For a certain gaseous reaction rise of temperature from `25^(@)C` to `35^(@)C` doubles the rate of reaction. What is the value of activation energy :-

To find the activation energy (Ea) for the given reaction, we can use the Arrhenius equation and the information provided about the temperature change and the doubling of the reaction rate. Here’s a step-by-step solution: ### Step 1: Understand the Arrhenius Equation The Arrhenius equation is given by: \[ k = A e^{-\frac{E_a}{RT}} \] where: - \( k \) = rate constant - \( A \) = Arrhenius factor (frequency factor) - \( E_a \) = activation energy - \( R \) = universal gas constant (8.314 J/mol·K) - \( T \) = temperature in Kelvin ### Step 2: Set Up the Problem We know that the rate of reaction doubles when the temperature increases from \( 25^\circ C \) to \( 35^\circ C \).
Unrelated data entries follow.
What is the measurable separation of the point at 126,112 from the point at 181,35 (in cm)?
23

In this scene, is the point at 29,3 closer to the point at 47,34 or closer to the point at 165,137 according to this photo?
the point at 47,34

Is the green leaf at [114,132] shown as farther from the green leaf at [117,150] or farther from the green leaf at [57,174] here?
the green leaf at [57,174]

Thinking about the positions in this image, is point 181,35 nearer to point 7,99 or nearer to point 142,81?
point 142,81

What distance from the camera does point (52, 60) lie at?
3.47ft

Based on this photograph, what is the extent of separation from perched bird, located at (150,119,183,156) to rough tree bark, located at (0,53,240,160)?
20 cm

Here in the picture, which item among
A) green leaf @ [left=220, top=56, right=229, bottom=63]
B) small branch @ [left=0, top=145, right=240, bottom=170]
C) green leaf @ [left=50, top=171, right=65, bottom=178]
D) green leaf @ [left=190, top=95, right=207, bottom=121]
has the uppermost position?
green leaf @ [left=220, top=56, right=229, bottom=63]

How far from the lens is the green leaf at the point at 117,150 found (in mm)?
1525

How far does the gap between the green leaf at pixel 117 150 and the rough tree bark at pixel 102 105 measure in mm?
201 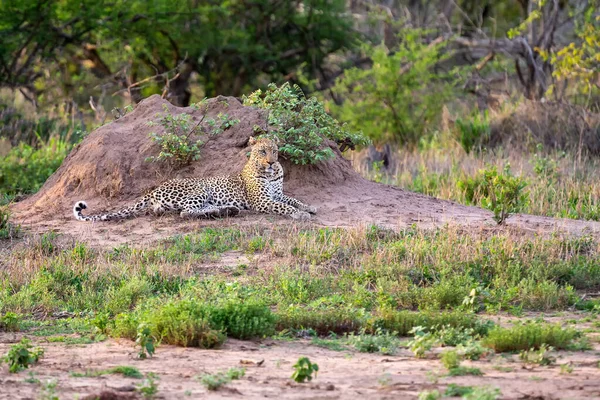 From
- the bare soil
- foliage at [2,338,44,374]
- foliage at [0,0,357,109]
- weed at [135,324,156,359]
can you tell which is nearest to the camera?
the bare soil

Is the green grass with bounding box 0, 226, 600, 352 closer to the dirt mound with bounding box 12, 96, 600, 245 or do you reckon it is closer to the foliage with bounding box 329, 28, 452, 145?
the dirt mound with bounding box 12, 96, 600, 245

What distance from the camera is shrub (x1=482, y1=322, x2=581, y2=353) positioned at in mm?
7078

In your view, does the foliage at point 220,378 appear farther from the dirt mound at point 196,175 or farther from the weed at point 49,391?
the dirt mound at point 196,175

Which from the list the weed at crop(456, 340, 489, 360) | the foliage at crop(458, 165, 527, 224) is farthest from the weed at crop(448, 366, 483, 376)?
the foliage at crop(458, 165, 527, 224)

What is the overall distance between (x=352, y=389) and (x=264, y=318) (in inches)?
65.5

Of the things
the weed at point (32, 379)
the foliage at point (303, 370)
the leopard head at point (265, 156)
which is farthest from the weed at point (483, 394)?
the leopard head at point (265, 156)

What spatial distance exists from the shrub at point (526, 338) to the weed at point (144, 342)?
2422 mm

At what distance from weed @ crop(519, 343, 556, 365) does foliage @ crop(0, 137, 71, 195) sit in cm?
1016

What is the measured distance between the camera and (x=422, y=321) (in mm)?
7914

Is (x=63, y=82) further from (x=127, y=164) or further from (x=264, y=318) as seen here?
(x=264, y=318)


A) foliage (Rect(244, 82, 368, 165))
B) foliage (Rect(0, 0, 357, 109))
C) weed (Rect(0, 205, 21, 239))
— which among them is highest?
foliage (Rect(0, 0, 357, 109))

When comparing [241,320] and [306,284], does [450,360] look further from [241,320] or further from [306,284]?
[306,284]

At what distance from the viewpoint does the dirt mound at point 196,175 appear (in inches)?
484

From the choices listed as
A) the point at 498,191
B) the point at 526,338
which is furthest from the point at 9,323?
the point at 498,191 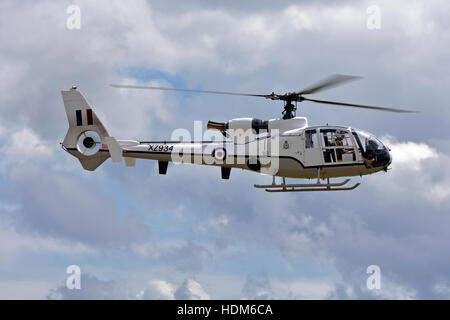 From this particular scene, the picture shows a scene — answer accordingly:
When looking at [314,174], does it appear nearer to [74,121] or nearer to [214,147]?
[214,147]

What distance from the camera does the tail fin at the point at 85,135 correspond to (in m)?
28.2

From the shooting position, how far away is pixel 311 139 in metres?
27.0

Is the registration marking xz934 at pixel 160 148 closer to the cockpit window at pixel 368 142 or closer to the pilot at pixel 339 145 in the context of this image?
the pilot at pixel 339 145

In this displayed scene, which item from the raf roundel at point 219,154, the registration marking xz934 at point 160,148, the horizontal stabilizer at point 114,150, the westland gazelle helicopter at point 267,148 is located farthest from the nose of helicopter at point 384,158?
the horizontal stabilizer at point 114,150

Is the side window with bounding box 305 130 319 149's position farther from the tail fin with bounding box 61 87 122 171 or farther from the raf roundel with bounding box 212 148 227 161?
the tail fin with bounding box 61 87 122 171

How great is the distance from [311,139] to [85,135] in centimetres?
1095

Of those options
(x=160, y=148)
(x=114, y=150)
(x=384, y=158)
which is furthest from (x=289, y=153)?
(x=114, y=150)

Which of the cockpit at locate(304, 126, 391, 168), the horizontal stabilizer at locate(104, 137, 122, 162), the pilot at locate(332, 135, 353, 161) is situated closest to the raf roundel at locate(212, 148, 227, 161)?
the cockpit at locate(304, 126, 391, 168)

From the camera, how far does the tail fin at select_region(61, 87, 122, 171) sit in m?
28.2

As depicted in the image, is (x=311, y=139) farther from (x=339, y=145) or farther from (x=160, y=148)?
(x=160, y=148) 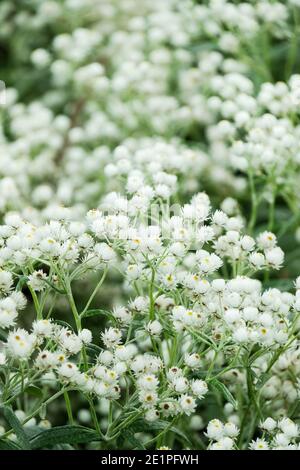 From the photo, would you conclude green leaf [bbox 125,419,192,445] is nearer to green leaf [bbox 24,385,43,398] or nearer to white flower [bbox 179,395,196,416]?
white flower [bbox 179,395,196,416]

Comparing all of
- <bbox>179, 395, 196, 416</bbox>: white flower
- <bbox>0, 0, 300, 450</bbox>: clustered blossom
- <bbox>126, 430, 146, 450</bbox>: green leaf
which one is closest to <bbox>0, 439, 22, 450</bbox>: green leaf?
<bbox>0, 0, 300, 450</bbox>: clustered blossom

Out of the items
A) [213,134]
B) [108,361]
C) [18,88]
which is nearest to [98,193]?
[213,134]

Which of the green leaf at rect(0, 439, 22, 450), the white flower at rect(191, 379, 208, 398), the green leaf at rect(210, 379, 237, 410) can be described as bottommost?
the green leaf at rect(0, 439, 22, 450)

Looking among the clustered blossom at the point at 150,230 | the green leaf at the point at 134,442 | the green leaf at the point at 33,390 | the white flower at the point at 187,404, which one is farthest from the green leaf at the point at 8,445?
the white flower at the point at 187,404

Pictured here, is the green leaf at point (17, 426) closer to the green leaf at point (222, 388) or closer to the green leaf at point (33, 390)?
the green leaf at point (33, 390)

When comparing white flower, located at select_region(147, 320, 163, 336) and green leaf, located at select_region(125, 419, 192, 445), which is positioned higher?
white flower, located at select_region(147, 320, 163, 336)

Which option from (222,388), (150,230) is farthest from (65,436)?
(150,230) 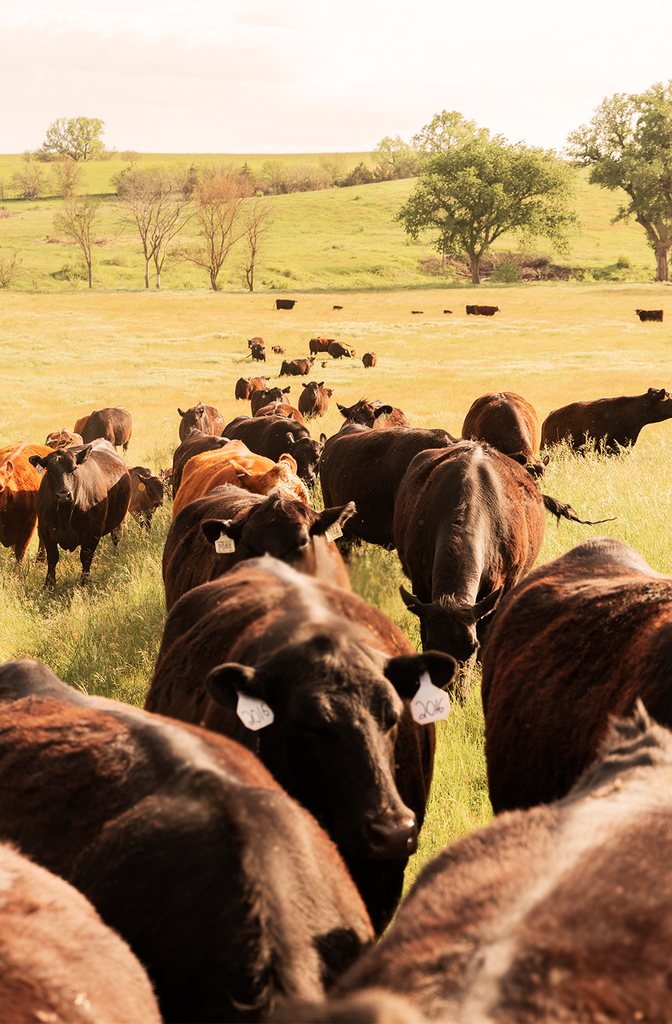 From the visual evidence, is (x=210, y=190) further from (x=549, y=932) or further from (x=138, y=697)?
(x=549, y=932)

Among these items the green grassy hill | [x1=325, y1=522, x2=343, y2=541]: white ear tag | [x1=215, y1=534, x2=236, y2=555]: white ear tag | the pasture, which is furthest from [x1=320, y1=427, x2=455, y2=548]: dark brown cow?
the green grassy hill

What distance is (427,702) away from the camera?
3.64 m

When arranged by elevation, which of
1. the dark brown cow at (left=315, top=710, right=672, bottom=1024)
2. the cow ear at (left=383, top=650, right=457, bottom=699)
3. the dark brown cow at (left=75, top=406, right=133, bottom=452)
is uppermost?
the dark brown cow at (left=315, top=710, right=672, bottom=1024)

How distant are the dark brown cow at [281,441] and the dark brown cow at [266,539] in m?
5.68

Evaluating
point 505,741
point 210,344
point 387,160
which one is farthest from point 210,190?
point 505,741

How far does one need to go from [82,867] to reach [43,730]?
0.79 meters

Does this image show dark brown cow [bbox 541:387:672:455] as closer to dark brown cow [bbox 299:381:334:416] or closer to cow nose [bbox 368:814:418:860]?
dark brown cow [bbox 299:381:334:416]

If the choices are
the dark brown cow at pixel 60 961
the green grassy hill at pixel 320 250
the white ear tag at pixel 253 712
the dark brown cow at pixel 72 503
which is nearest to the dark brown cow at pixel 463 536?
the white ear tag at pixel 253 712

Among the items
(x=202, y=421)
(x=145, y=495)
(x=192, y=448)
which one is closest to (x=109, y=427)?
(x=202, y=421)

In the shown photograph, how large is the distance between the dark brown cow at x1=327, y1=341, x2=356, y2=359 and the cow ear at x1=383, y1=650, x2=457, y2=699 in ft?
118

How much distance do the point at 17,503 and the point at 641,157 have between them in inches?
2764

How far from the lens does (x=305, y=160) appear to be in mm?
152500

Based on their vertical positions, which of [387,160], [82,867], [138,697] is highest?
[387,160]

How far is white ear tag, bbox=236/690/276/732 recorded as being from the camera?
129 inches
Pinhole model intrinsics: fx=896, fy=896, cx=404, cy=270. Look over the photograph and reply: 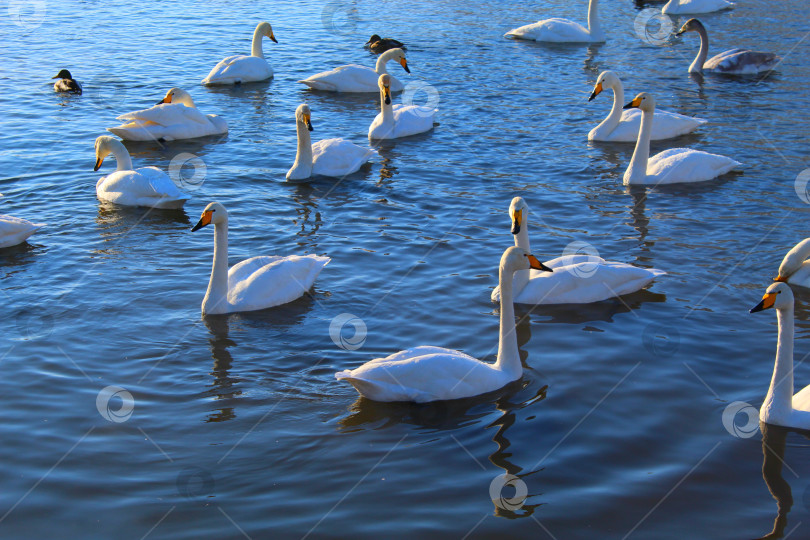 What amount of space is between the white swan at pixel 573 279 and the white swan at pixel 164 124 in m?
7.66

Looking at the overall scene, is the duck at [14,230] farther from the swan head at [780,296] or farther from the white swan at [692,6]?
the white swan at [692,6]

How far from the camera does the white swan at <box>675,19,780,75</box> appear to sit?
59.7ft

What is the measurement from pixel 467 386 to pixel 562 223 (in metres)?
4.61

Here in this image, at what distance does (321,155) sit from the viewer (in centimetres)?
1352

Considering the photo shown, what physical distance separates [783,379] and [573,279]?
8.70 ft

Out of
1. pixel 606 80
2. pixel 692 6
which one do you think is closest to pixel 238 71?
pixel 606 80

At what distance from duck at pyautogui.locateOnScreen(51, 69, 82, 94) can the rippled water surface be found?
0.65ft

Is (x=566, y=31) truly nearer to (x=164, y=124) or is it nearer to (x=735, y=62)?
(x=735, y=62)

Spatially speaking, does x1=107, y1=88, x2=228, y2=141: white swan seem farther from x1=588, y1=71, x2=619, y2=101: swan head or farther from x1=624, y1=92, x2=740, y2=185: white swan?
x1=624, y1=92, x2=740, y2=185: white swan

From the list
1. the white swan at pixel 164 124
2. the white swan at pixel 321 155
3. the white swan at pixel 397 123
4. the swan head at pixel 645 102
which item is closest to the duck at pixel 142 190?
the white swan at pixel 321 155

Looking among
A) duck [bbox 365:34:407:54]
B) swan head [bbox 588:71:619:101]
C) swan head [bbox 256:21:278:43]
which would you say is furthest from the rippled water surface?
duck [bbox 365:34:407:54]

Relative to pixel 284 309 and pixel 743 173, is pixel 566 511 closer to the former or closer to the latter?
pixel 284 309

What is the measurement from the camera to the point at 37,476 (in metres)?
6.58

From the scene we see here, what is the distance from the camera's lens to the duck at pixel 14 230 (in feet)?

We can denote the rate constants at these temperatures as \( k_1 \) and \( k_2 \): - \( k_1 \) at \( T_1 = 25^\circ C = 298 \, K \) - \( k_2 \) at \( T_2 = 35^\circ C = 308 \, K \) Given that \( k_2 = 2k_1 \), we can express this relationship using the natural logarithm: \[ \ln\left(\frac{k_2}{k_1}\right) = \ln(2) \] ### Step 3: Use the Arrhenius Equation Using the Arrhenius equation for both temperatures, we have: \[ \ln(k_2) - \ln(k_1) = -\frac{E_a}{R} \left(\frac{1}{T_2} - \frac{1}{T_1}\right) \] Substituting \( k_2 = 2k_1 \): \[ \ln(2) = -\frac{E_a}{R} \left(\frac{1}{308} - \frac{1}{298}\right) \] ### Step 4: Calculate the Temperature Difference Calculate \( \frac{1}{T_2} - \frac{1}{T_1} \): \[ \frac{1}{T_2} - \frac{1}{T_1} = \frac{1}{308} - \frac{1}{298} \] Finding a common denominator (which is \( 308 \times 298 \)): \[ \frac{298 - 308}{308 \times 298} = \frac{-10}{308 \times 298} \] ### Step 5: Substitute into the Equation Now substituting back into the equation: \[ \ln(2) = -\frac{E_a}{R} \left(\frac{-10}{308 \times 298}\right) \] This simplifies to: \[ \ln(2) = \frac{E_a \cdot 10}{R \cdot (308 \times 298)} \] ### Step 6: Solve for Activation Energy (Ea) Rearranging gives: \[ E_a = \frac{\ln(2) \cdot R \cdot (308 \times 298)}{10} \] Substituting \( R = 8.314 \, J/(mol \cdot K) \) and \( \ln(2) \approx 0.693 \): \[ E_a = \frac{0.693 \cdot 8.314 \cdot (308 \times 298)}{10} \] ### Step 7: Calculate the Final Value Calculating \( 308 \times 298 \): \[ 308 \times 298 = 91684 \] Now substituting: \[ E_a = \frac{0.693 \cdot 8.314 \cdot 91684}{10} \] Calculating the multiplication: \[ E_a \approx \frac{0.693 \cdot 8.314 \cdot 91684}{10} \approx 5070.5 \, J/mol \approx 50.7 \, kJ/mol \] ### Final Answer The activation energy \( E_a \) is approximately **50.7 kJ/mol**.